Die Frage, die uns Herr Reinhard L. aus Münsingen stellt, ist sehr elegant formuliert: «Einmal mehr», schreibt er, «bleibe ich an einem Ausdruck hängen, der bei näherem Hinsehen einer Kritik nicht standhält.» Kürzlich habe er gelesen – nicht zum ersten Mal –, die Schweiz sei eine Willensnation. Das würde bedeuten, folgerte er, «wir sind also ein Volk mit einem Willen, wir sind willens, etwas zu tun, zu sagen, zu … , ja was eigentlich?» Logischerweise müsse es daher auch Nationen geben, die ohne Willen seien, fährt Herr L. fort, kommt aber zum Schluss, dass es schwierig werden dürfte, solche zu finden. «Ich vertraue fest auf Klärung Ihrerseits», schreibt er.

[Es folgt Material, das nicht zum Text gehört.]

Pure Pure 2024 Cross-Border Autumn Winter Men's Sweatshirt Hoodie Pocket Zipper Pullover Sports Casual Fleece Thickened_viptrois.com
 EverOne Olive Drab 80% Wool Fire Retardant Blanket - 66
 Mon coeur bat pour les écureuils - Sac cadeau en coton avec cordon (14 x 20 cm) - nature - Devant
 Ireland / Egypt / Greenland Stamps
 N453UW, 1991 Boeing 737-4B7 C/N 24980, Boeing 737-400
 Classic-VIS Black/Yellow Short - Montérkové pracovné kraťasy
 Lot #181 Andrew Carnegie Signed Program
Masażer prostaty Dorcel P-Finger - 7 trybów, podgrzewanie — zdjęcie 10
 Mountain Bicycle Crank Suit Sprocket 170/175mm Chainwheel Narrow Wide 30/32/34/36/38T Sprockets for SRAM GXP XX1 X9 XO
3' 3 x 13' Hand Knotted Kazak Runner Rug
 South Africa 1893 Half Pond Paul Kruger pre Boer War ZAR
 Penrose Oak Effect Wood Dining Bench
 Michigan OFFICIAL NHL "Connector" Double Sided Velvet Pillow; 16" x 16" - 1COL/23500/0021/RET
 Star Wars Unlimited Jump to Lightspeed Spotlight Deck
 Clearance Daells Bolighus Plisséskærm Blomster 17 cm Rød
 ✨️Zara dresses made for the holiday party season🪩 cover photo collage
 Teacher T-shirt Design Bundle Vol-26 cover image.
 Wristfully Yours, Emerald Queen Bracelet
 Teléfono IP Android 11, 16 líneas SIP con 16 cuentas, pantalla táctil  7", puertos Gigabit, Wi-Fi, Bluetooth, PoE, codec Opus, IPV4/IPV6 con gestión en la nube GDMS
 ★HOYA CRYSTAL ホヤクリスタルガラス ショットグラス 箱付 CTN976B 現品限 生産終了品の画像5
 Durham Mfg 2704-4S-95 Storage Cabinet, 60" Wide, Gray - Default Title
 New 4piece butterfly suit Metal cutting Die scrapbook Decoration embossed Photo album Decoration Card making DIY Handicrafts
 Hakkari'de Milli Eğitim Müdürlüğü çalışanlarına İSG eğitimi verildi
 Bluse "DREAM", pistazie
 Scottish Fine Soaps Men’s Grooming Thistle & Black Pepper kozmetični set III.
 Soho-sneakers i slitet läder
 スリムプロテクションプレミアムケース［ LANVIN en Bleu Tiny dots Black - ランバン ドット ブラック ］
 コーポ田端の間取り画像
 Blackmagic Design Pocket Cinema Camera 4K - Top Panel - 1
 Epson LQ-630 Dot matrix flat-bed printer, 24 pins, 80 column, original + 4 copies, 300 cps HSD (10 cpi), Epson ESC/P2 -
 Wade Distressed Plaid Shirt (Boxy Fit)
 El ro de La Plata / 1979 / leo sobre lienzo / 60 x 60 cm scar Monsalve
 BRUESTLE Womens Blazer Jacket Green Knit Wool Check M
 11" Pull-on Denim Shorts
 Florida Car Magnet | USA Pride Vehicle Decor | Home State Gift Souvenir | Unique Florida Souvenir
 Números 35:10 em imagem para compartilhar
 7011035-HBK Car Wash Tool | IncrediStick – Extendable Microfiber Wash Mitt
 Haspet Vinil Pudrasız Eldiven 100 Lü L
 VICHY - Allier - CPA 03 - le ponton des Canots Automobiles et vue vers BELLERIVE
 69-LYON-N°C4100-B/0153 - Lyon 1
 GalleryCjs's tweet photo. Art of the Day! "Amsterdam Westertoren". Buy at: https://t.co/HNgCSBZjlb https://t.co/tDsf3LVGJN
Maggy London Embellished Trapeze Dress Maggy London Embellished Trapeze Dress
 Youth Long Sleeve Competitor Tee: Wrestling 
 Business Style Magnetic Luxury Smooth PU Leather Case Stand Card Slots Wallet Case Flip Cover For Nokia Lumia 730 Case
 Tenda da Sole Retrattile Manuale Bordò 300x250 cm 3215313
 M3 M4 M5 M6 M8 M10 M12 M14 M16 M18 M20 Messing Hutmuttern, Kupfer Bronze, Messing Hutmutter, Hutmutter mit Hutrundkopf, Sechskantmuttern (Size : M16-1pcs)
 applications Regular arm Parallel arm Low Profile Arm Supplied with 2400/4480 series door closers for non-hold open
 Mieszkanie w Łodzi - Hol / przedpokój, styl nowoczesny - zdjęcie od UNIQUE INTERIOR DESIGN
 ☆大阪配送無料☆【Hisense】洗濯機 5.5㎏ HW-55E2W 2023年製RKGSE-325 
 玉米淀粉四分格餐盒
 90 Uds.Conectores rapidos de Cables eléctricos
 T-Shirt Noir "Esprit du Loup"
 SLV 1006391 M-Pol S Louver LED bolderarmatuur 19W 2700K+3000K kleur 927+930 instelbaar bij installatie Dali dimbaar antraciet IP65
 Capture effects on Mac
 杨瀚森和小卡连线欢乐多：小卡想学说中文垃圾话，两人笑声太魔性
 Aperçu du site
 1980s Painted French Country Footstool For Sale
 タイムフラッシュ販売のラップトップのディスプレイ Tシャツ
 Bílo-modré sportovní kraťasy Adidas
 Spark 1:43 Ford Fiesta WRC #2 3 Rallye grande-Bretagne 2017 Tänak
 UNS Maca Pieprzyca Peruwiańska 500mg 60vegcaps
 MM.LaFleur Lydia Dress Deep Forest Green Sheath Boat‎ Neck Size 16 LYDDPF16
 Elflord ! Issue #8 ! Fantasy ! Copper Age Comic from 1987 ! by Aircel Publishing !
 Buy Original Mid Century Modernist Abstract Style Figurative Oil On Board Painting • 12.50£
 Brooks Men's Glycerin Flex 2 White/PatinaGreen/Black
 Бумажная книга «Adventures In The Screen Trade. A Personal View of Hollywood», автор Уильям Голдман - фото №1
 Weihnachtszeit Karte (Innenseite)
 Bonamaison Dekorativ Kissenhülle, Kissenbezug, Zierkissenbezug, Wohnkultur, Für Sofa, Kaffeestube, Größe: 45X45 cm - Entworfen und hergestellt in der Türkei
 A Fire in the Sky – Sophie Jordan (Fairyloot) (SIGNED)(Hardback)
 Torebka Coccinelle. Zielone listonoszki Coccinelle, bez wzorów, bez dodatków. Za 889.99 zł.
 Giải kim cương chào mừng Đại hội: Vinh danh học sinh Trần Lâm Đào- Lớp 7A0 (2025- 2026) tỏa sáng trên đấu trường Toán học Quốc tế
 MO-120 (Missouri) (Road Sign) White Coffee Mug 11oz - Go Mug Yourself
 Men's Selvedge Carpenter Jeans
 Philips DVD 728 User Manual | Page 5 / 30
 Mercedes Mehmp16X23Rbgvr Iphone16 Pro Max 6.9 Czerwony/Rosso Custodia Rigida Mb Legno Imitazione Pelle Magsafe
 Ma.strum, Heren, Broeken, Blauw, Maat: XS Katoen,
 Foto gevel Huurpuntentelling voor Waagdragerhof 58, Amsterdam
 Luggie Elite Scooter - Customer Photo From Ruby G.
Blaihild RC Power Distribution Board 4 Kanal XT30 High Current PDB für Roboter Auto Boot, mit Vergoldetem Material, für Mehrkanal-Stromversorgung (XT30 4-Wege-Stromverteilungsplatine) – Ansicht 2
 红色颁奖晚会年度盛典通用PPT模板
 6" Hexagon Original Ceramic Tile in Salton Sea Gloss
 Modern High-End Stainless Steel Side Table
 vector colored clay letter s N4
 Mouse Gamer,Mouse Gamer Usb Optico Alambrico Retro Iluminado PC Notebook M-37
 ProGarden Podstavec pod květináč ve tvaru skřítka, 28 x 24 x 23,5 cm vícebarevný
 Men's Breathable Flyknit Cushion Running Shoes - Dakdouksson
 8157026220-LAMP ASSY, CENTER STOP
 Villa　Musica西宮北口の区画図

Ein Ausdruck, «der bei näherem Hinsehen einer Kritik nicht standhält»: Das klingt wirklich gut, Herr L. Und wir dürfen Ihnen mitteilen: Beim Ausdruck Willensnation hegen auch wir nach längerem Hinsehen unsere Zweifel. Vor allem, wenn behauptet wird, die Schweiz sei eine Willensnation. (Nur nebenbei: Wenn man sich vorstellt, aus dem Wort «behauptet» wären Buchstaben herausgefallen, entdeckt man bei genauerem Hinsehen das Wort «Hupe»). Denn aus unserer Sicht ist die Schweiz gerade das Gegenteil einer Willensnation.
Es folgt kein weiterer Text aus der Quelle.